Well, the headline is somewhat accurate:
Hizbollah, Israeli forces clash in border area
http://story.news.yahoo.com/news?tmpl=story&cid=586&e=3&u=/nm/20050513/wl_nm/lebanon_israel_shells_dc ; but the bias slips through early:
Israeli artillery and aircraft pounded the outskirts of Lebanese border villages on Friday in a fierce clash with Hizbollah guerrillas that ratcheted up tensions on the volatile frontier.
The fighting in the disputed Shebaa Farms strip comes as Lebanon prepares to hold its first general election without a Syrian military presence for 33 years.
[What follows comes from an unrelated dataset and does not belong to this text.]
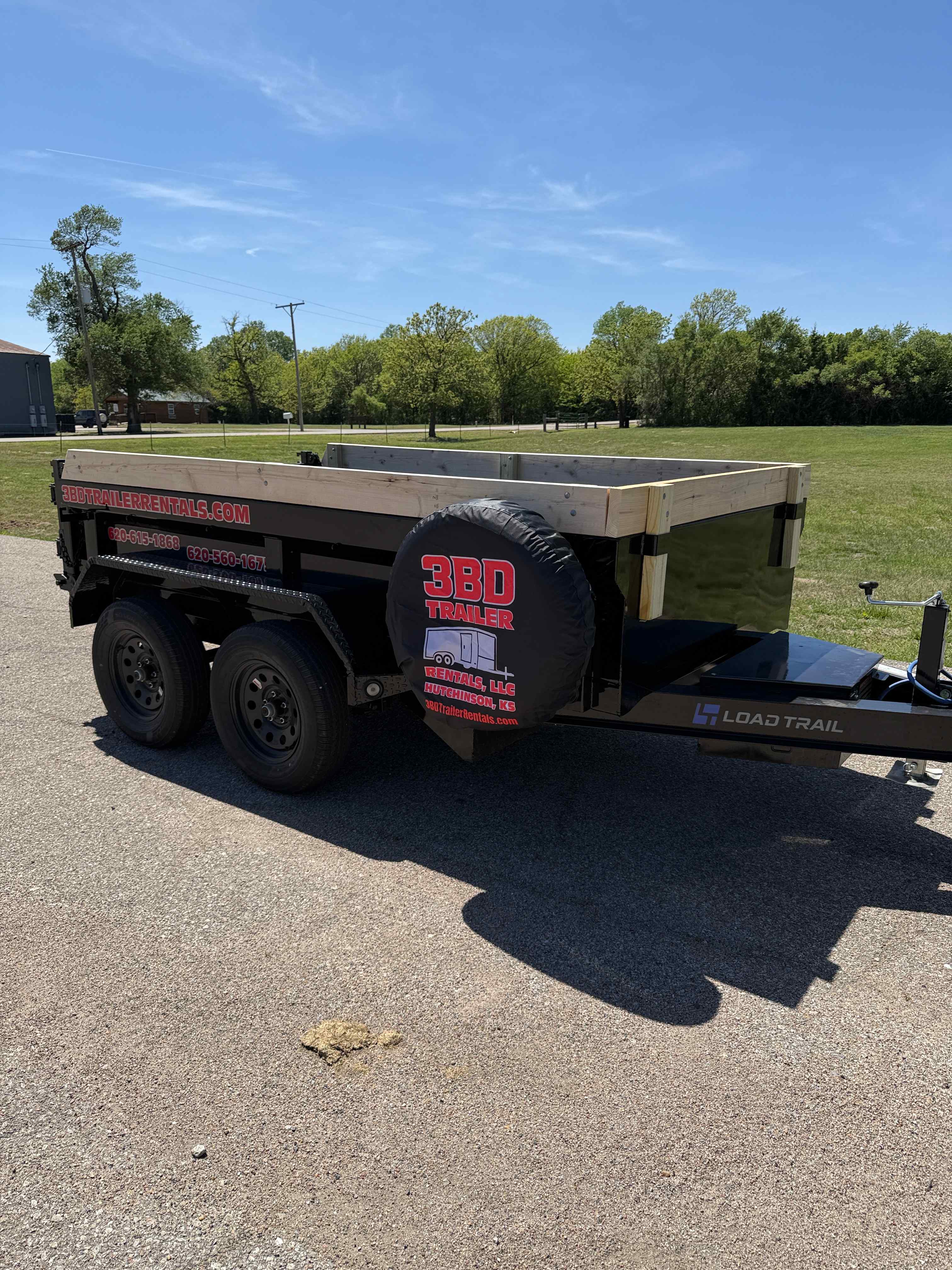 2026 Load Trail 5x10 dump trailer side profile loaded Hutchinson Kansas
Disputed? Not by the UN, who actually believes they are actually Syrian territories:
http://talkaboutculture.com/group/soc.culture.lebanon/messages/224575.html:
Jan 28 (Reuters) - The U.N. Security Council on Friday rebuked Beirut by declaring that the disputedShebaa Farms area was not part of Lebanon...For the first time in years, the Security Council mentioned Secretary-General Kofi Annan's report in May 2000 that verified Israel's withdrawal from Lebanon behind a U.N.-drawn frontier, called the "blue line." This frontier put the Israel-occupied Shebaa Farms in Syria.
So why do the Syrians refuse to confront Isreal directly over Sheeba, the way they will not confront them over the Golan Heights? Because it serves a greater purpose http://www.lebanonwire.com/0503/05031801LBLW.asp :
Only one week after the Israeli withdrawal, Syria concocted the problem of the Shebaa Farms and made a hot issue out of it, cloaking around it a false cause for a new resistance to replace the resistance pretext that was lost with the Israeli withdrawal...The Syrian producer of this tragic comedy had decided to hand over the South to Hezbollah under the pretext of a continued Israeli occupation of the Shebaa Farms.
Since Syria knows any physical attempts to take back Sheeba would result in destruction by Israel (whom siezed Sheeba as the same time as the Heights), they instead claim it to be "occupied territory", set up terrorist lackeys to do the dirty work they are too cowardly to undertake, and use it as a way to attempt to retain some control over parts of Lebanon. Now that most of the Syrian armies have been forced out of Lebanon; the Sheeba Farms "dispute" is one of the few cards they have left in their dealings with both Israel and Lebanon.
The above article, by an expat Lebanese, declares Lebanon to be the rightful claimant to Sheeba, and ends with this hopeful assertion:
Let the Baath rulers of Damascus drop the lie of the Shebaa Farms and concern themselves with the Golan and Iskenderun, and the Lebanese are capable – after implementing resolution 1559 and ridding themselves of the hegemony of the Syrian Army and Intelligence Services – of recovering the Shebaa Farms peacefully through the United Nations and without firing a single bullet.
I honestly believe that Isreal would hand over Sheeba in a second to a Lebanese government that it felt could guarentee the safety of the northern border. The final humiliation, the final nail in Baby Assad's coffin...
Maybe Reuters should do some more research on its "disputes"; so that they may be aware of who and what the claiments are...
BUT BACK TO THE ARTICLE! Reuters knows Israel fired first here, because, well...
Hizbollah and Israel accused each other of firing first... "In response to the Israeli assault that targeted the border town of Kfar Shouba and struck civilian houses, the Islamic Resistance attacked the Israeli enemy position in Rweisat al-Alam ... with the appropriate arms and struck it directly," a statement from Shi'ite Muslim Hizbollah said.
Minutes before the Hizbollah attack, witnesses said Israeli forces had begun shelling a hillside east of Kfar Shouba, which lies closest to the disputed strip. Israeli machine-gunners also fired on residential areas of the town, they said.
And whom were these mystery witnesses, that claim Israel launched an attack on a civilian population base, that Reuters chose not to identify in name, nationality, or even location? May they have been Hezbollah partisans? We'll never find out; Reuters knows if it shows its cards here, the impartiality gig is up.